Search code examples
pdftext-processingwatermarkinformation-hidingdata-hiding

Watermarking in PDF documents


I am starting now my first year of master and my project is about digital watermarking in PDF documents.

I start reading some papers, but I noticed that there are no really sufficient works done for hiding information in PDF documents.

I am reading now an article entitled "Blind digital watermarking in PDF documents using Spread Transform Dither Modulation" which was published very recently and done by Bitar W. A et al. I found this paper very interesting, so they hided a message using the x-coordinates in PDF documents. But I think applying the authors' method is very difficult since the authors did not provide any online MATLAB code. I am also wondering why the proposed hiding technique is not also used for the y-coordinates values?

Did anyone work in projects related to the above paper? I just want some important references to start with.


Solution

  • I'm not into this type of research but after seeing your question I downloaded the paper in question and read it.

    In my eyes the technique does not live up to its promise. The article explains at the start

    The main idea behind this technique [Digital Watermarking] is that once a careful user detects the presence of the hidden message, he should be unable to remove that message without strongly altering the watermarked document.
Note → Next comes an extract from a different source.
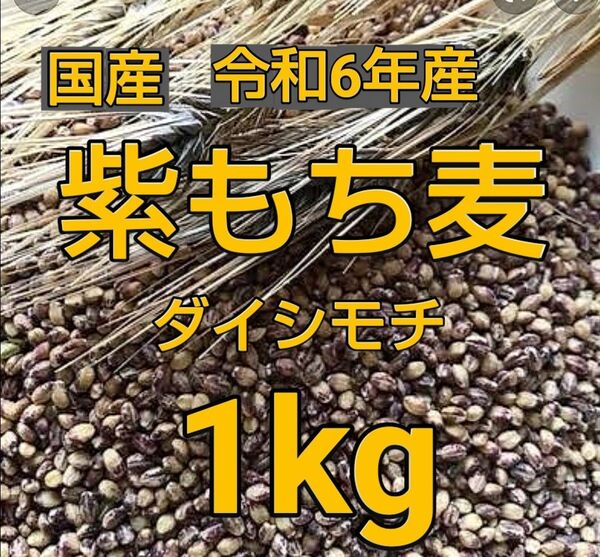 もち麦1kg 新麦 国産 紫もち麦 ダイシモチ 美味しく食べやすく精麦済み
    The article assumes that all such a user can do is to randomly change the x coordinates a bit, applying some noise, and calls its proposed method for information hiding robust as it indeed is quite robust against such noise attacks as long as they do not disturb the appearance too much.

    But there is a different, very straight forward method for such a careful user to remove the message without strongly altering (at least in a negative sense) the document, a method that does not apply random noise:

    There is a natural way to arrange the x coordinates of text on a line: by letting each glyph take the space matching its width according to the font information! If need be, the line additionally can be shortened or lengthened by applying character spacing. The result of this: the offsets applied to hide information are completely lost and the document appearance probably even improves (as natural, untampered character distances are used).

    Even if the font in question has been changed by removing glyph widths information, taking the average width of all occurrences of each glyph as its width should serve as a good approximation.